A: Yes. You can make financial gifts at BloodnTissueFoundation.org and learn more about the different programs you can give to.
Q: How can someone get involved in hosting a blood drive or donating blood?
A: They can find out more at SouthTexasBlood.org
Q: I’m a regular donor and just received my first COVID shot. How long after my second shot do I have to wait to donate?
A: There is no wait time to donate.
Q: Can you tell me about the Connect for Life program and how I can share the information with my peers?
A: You can follow us on our social media pages @connectforlife on Facebook, Instagram and Twitter and South Texas Blood & Tissue Center on LinkedIn.
Q: What would be the first step to coordinate a blood drive in a neighborhood community?
A: Learn about coordinating a blood drive by contacting us here.
Q: Are company onsite blood drives back on?
A: Yes. We can visit your location through our mobile blood donation teams. We have options to use a bus or set up inside your location, as space permits.
Q: Besides blood drives, how can companies partner with you?
A: We always need help sharing information about the need for blood and tissue donors, and a great way to help is to share information we post on social media. Please follow us @connectforlife on Facebook or Instagram. Financial contributions also are a great way to help. More information on ways to give can be found here.
Q: What can be done to raise platelet count for donation?
A: Eating certain foods that support platelet production can help.

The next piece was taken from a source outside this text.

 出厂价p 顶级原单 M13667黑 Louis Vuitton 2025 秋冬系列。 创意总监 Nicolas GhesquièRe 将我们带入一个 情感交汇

Q: Does the South Texas Blood & Tissue Center have a cord blood bank?
A: Yes! The Texas Cord Blood Bank, the state’s only public cord blood bank, is located at the headquarters campus.
Q: What does it mean if a COVID antibody test results in positive?
A: A positive antibody tests indicates that the test method was able to detect the presence of antibodies in the sample. If there are antibodies present it means you were likely infected or exposed to the virus, which triggered the response of your immune system to protect you through developing the antibodies.
Q: How can someone confirm they are still on the marrow registry if they have registered with a cheek swab years ago?
A: Go here to update your information. It is not possible to predict how long it will take to receive a call to donate, but while you are waiting please ensure that your contact information is current. Thank you for signing up for the registry!